Wednesday, June 11, 2003
Posted 4:39 PM by Sean
In the most recent update to the AL All-Star balloting, Troy Glaus has expanded his lead over Eric Chavez to 33,000 votes (up from 11,000 or so on June 2). Chavez has actually lost some ground to the Yankees' Robin Ventura, currently in third place for the eminently logical reason that he's a Yankee.
And now, the obligatory moment of crankiness: it's great to be able to vote online and all, but the way the online ballot works has got to change. There's a handy little link at each position to allow you to see how the candidates stack up against each other, statistically...if the only stats you care about are ABs, batting average, homers, RBI, and steals. Nothing else. And would it kill them to add a comparison utility, wherein you could check off players on your short list and then see just those players?
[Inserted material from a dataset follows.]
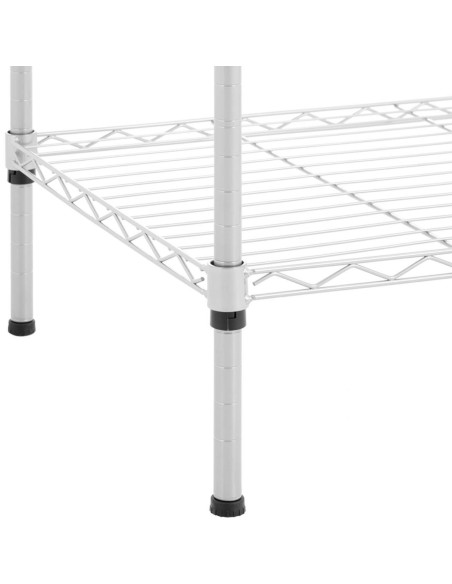Vielinė kabykla rūbams rūbinei 7 lentynos 4 strypai 189 x 45 x 196 cm iki 210 kg Vielinė kabykla rūbams rūbinei 7 lentynos 4 strypai 189 x 45 x 196 cm iki 210 kg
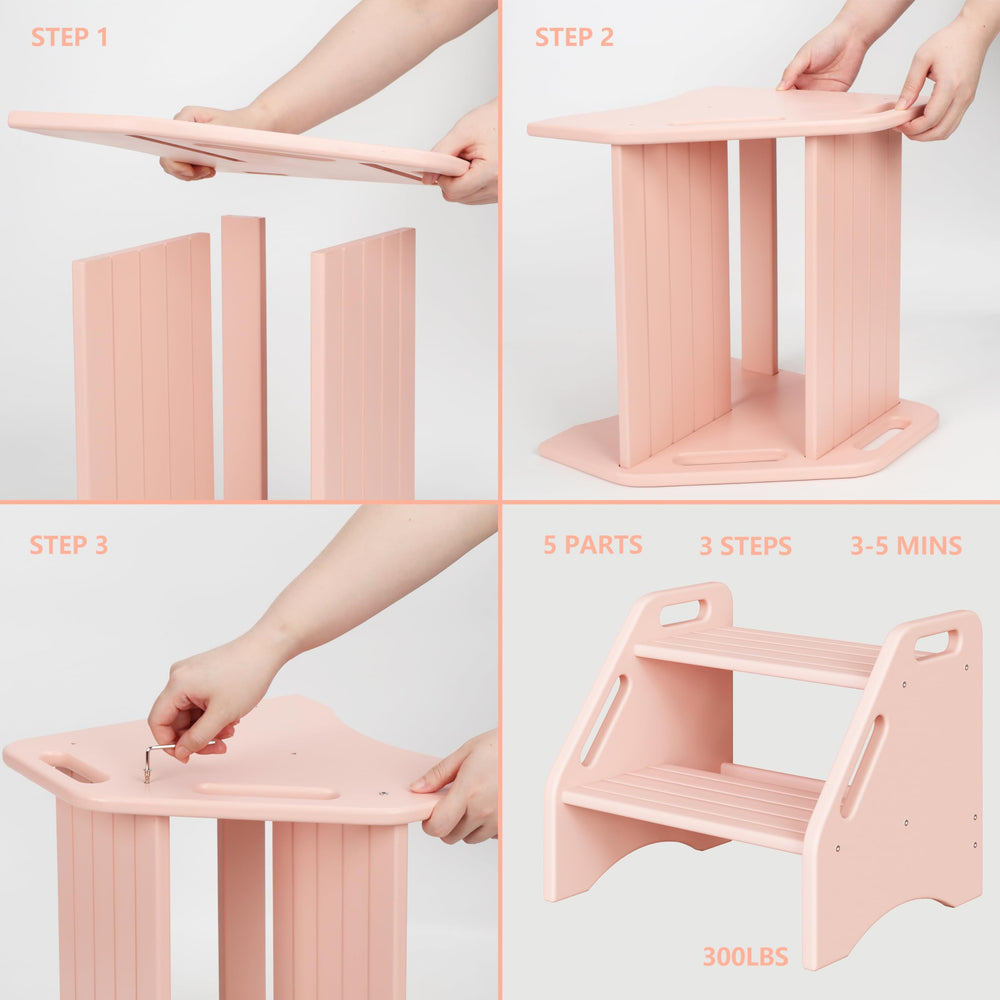 AMBIRD step stool crossbar enhances stability during use.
Okay, anyway, here's the current analysis of the real contenders:
Glaus - 209 AB, .297 / .391 / .579, 14 HR, 7 SB.
Chavez - 217 AB, .253 / .332 / .479, 12 HR, 5 SB.
Blalock - 212 AB, .349 / .405 / .580, 11 HR, 0 SB.
Chavez is on that list solely because he's in second. He clearly doesn't dserve serious consideration compared to either Glaus or Blalock. Tony Batista's numbers are just as good, if not better, than Chavez's.
Huff has been removed from the list since my last evaluation, because - silly me, why don't I follow the Devil Rays more closely? - I didn't realize that his inclusion at third base was one of those quirks of the All-Star ballot that seems to happen every year: a guy gets listed initially at a position he's expected to play, then things change and he spends the majority of his time at another position, and they can't change the ballot because they've already printed a jillion of them. In this case, Huff's played only eight games at third base, with the remainder of his time at first.
And boy, Glaus and Blalock are pretty close, aren't they? Blalock's outhit Glaus 77 to 62, but Glaus has drawn more walks, 33 to 20. Otherwise, Blalock would seem to have a slight edge in everything except homers - including defensively, where Blalock has a .927 fielding percentage, a 2.67 range factor, and a .711 zone rating, compared to Glaus's .925 / 2.41 / .699. Glaus is certainly a worthy All-Star, but there's not much doubt that if the Rangers had won the World Series last year, and Blalock been the Series MVP, he'd be leading the pack right now.